Atypical PI3Ks coordinate chemotaxis, signaling dynamics, and multicellular development in Dictyostelium

Phosphoinositide 3-kinase (PI3K) signaling regulates protrusion, polarity, membrane uptake, and multicellular development in Dictyostelium discoideum , but these functions have been interpreted largely through canonical Class I PI3Ks and PI(3,4,5)P₃ production. This framework does not fully explain how PI3K-dependent pathways attenuate Ras activity, organize PI(3,4)P₂-associated polarity states, support cAMP relay, or coordinate development. Here, we identify three atypical PI3K-family enzymes—PikF, PikG, and PikH—as functionally distinct regulators of these processes. PikF constrains Ras–phosphoinositide–actin signaling; pikF⁻ cells show prolonged cAMP-stimulated Ras activation, extended PIP₃ recruitment, delayed PI(3,4)P₂ biosensor recovery, elevated peripheral actin activity, impaired chemotactic precision, and delayed abnormal development.
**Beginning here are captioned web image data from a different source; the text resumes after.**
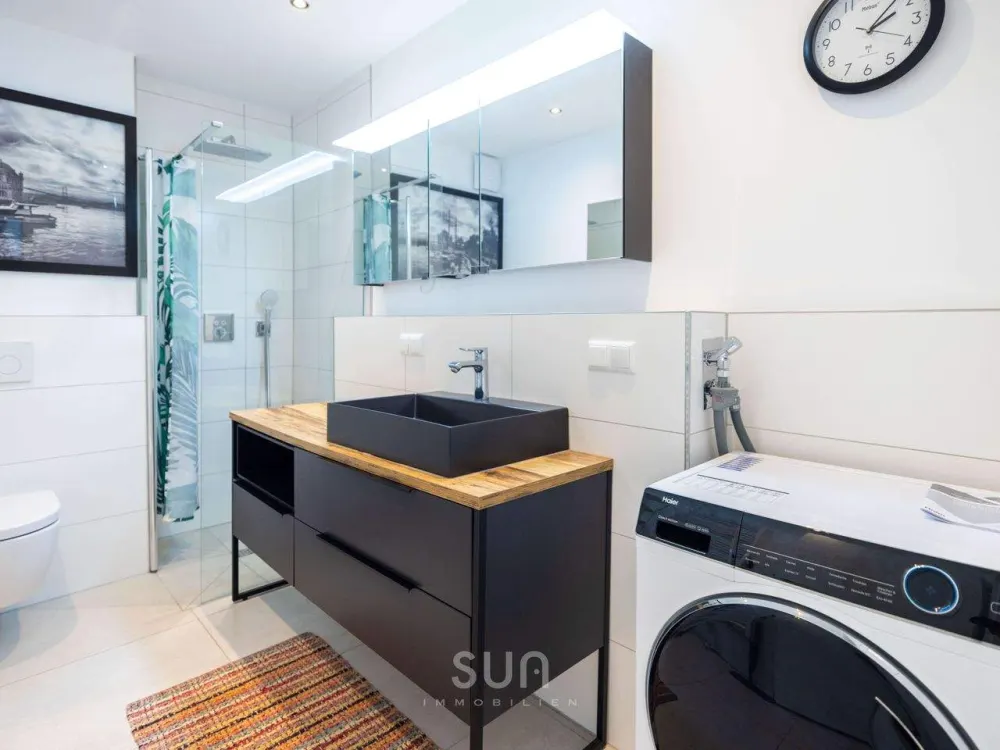 ***Gallusviertel*** Moderne Möblierte 2 Zi. Wohnung
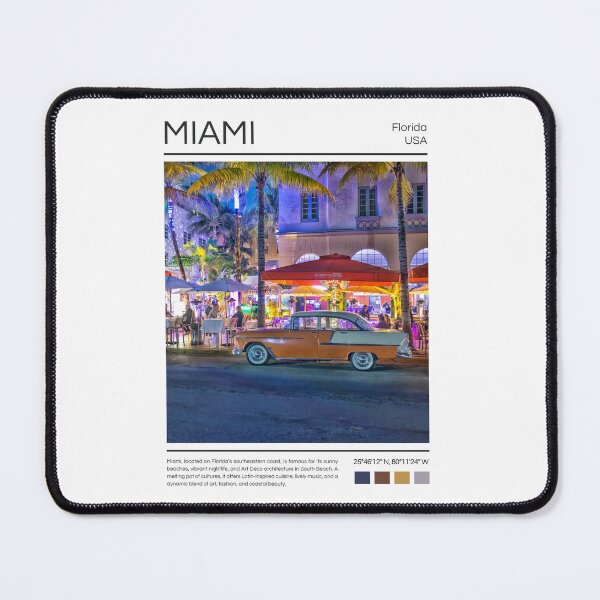 Item preview, Miami - Florida - USA - Photography designed and sold by StudioRedKoala.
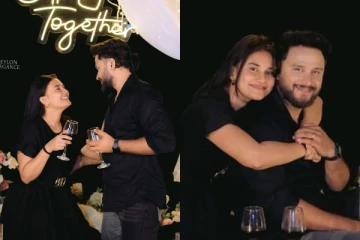 ආදරණීයම කපල් එක..දුශේනි සචින් දෙන්නගේ ආදරණීයම ෆොටෝ ශූට් එක..(PHOTOS)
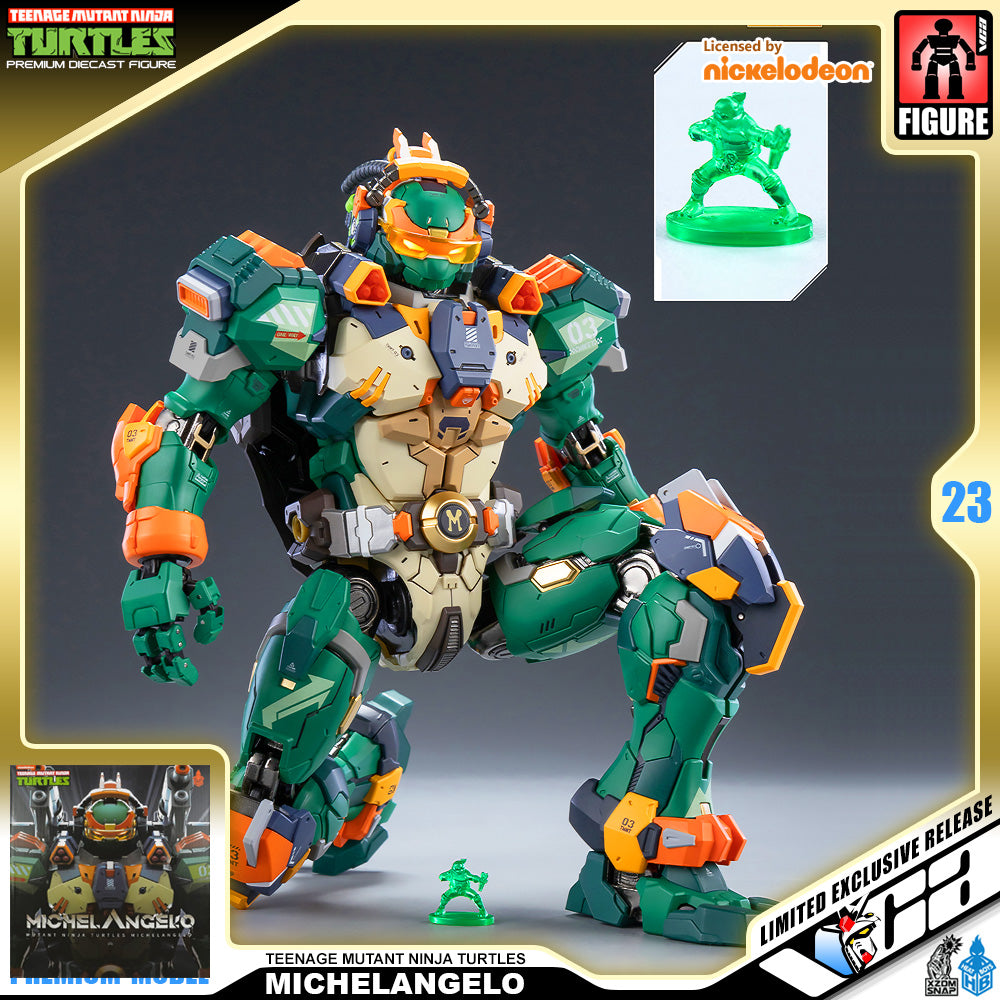 TMNT MICHELANGELO MECHA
PikG acts through a distinct relay-associated pathway: pikG⁻ cells fail to generate endogenous cAMP oscillations, display disrupted ACA polarity, deposit spatially disorganized ACA-positive vesicle trails, and fail to aggregate. PikH, in contrast, supports efficient phagocytic uptake with little effect on acute chemotactic signaling. Kinase-dead rescue experiments show that conserved catalytic lysines are required for PikF- and PikG-dependent development and PikH-dependent uptake. Together, our results reveal that atypical PI3Ks diversify the Dictyostelium PI3K signaling toolkit, separating protrusive signal attenuation, cAMP relay organization, membrane uptake, and multicellular development into distinct kinase-dependent modules.